Extracted data

Segment Open

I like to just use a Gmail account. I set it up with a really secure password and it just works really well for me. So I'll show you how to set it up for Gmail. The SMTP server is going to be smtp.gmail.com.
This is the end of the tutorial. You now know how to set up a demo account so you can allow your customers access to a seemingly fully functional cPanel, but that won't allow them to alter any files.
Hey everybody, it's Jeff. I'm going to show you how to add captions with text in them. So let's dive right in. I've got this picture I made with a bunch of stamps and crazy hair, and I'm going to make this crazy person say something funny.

Segment Closed
Segment Open

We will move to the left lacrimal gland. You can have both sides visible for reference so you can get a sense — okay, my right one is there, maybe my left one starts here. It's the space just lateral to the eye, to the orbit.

Segment Closed

Exercise description
What is needed is an exact copy of the lines above, from the one containing "I like to just" through the one containing "This is the", with nothing added.

Answer for the task
I like to just use a Gmail account. I set it up with a really secure password and it just works really well for me. So I'll show you how to set it up for Gmail. The SMTP server is going to be smtp.gmail.com.
This is the end of the tutorial. You now know how to set up a demo account so you can allow your customers access to a seemingly fully functional cPanel, but that won't allow them to alter any files.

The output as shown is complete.